This project will develop a better understanding of the physical processes governing the structure and evolution of the marine atmospheric boundary layer (MABL) in the Northeastern US and the New England shelf regions.
Capitalizing on the detailed in situ and remotely sensed observations of coupled boundary layer variables and air-sea fluxes uniquely available in the region, this project will validate and improve the MABL processes in the NASA’s Unified WRF (NU-WRF) modeling system to better represent and forecast extreme coastal storms.
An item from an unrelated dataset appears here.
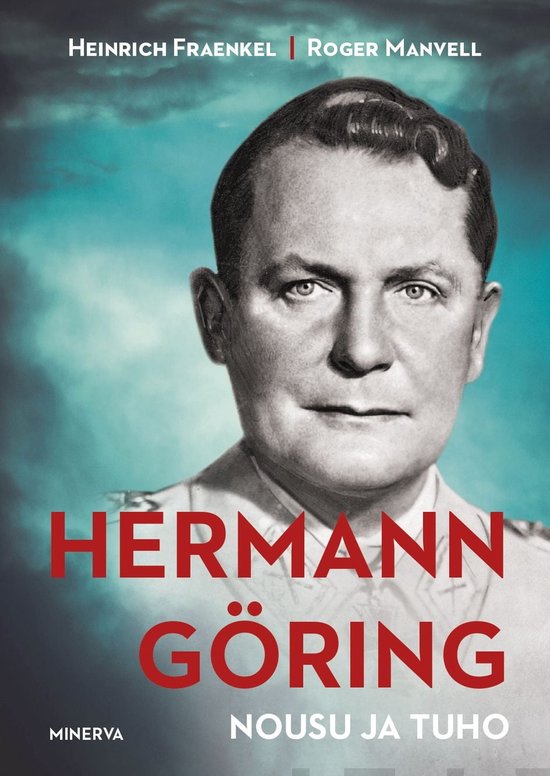 Hermann Göring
By including the full coupling of the regional ocean modeling system (ROMS) and the WaveWatchIII (WW3) to the NU-WRF to exploit the critical wave-ocean coupling effect on the atmosphere, the project will also enable, for the first time, NU-WRF-based coupled hindcast and forecast capabilities of extreme weather events with reduced uncertainty.
The project will undertake comprehensive modeling and validation efforts of the planetary boundary layer (PBL) schemes in the NU-WRF model under various MABL conditions, including extreme extratropical cyclones and stable boundary layers. The simulation of turbulent fluxes of momentum, heat, and moisture in the surface layer and their coupling with the PBL in the NU-WRF will be improved by correctly incorporating the Coupled Ocean-Atmosphere Response Experiment (COARE) bulk flux algorithm, and also directly incorporating ROMS and WW3 into the NU-WRF system. We will then carry out a series of case study simulations using this newly coupled NU-WRF model to quantify the impacts of the ocean/wave coupling on the NU-WRF simulation skills of extreme storms.
The project’s most significant outcome is to solidify the dynamical framework for enhancing our scientific understanding of air-sea coupling and PBL dynamics in high-resolution numerical models by demonstrating how a better understanding and representation of the MABL processes improves the fidelity and accuracy of weather and climate prediction models. The project will also provide new and improved NU-WRF hindcast/forecast capabilities over the ocean, with differing levels of representation of the ocean and waves coupling options. The improved COARE bulk flux algorithm will be coupled with a variety of available surface flux and PBL schemes within WRF, immediately benefiting the broad WRF modeling community.
This project is well-aligned with the long-standing goal of the NASA MAP Program to “understanding of the Earth as a complete, dynamic system.” It is also relevant to the specific research theme included in the 2020 MAP solicitation on “Coupling in the Earth System” as the project will advance our understanding and increase our capacity to represent the coupling across the air-sea boundary layer in weather and climate model by using a unique set of in situ MABL measurements. Further, our investigation of air-sea interaction and model skills in the NU-WRF under high-impact weather events is relevant to the research theme on “Extremes in the Earth System”. The work is highly relevant to science related to incubation observing-system priorities in the 2017 NASA Decadal Survey related to the PBL.